Freezing Weather a Factor for Vikings, Seahawks
Living in California, “cold weather” is considered anything below 50 degrees Fahrenheit. That’s warm for Vikings fans in Minnesota, right? For those attending Sunday morning’s Wild Card matchup with the Seattle Seahawks, they’ll need all the warmth they can get; according to Weather.com and AccuWeather, the forecast in Minneapolis calls for a high of 1℉, with a 10-15 mph wind chill factor and a low of -9℉ at kickoff.
When the teams first met at TCF Bank Stadium in December, they enjoyed unseasonably warm temperatures that eclipsed freezing at kickoff. This Sunday, they’ll meet in what could be one of the coldest games in NFL history.
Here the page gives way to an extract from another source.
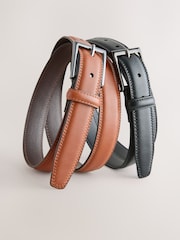 Black/Brown Formal Faux Leather Belts 2 Pack - Image 4 of 5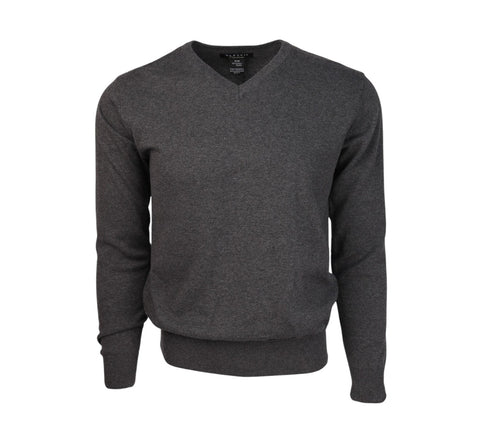 Men's Marquis Solid Gray V-Neck Sweater Shirt | Cotton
When asked Wednesday how the potentially sub-zero temperatures could affect his team, head coach Mike Zimmer seemed unfazed by the cold.
“The cold is the cold, he told reporters. “The ball is going to be harder, a little more slippery. I think it’s going to be a lot of concentration when guys are out on the field, they’ve got to concentrate and really don’t worry about the cold, you worry about playing.”
For the most part, Zimmer’s teams have played well in the cold. Quarterback Teddy Bridgewater has been especially efficient, posting a 6-3 record in games under 40℉ since 2014, his rookie season. In those contests, he’s completed 66.5 percent of his passes and thrown for 191.8 passing yards per game while compiling a 12-5 TD-INT ratio and 97.1 passer rating. Since moving to TCF Bank Stadium last year, the Vikings are 5-2 at home in games under 40℉, per the table below:
“We’ve luckily been in some of these elements games, the Carolina game a year ago, the Giants game on Sunday night, and Green Bay last week,” Zimmer said. “I’m sure (Seattle has) probably been in some as well. It’s just something that we’ll deal with.”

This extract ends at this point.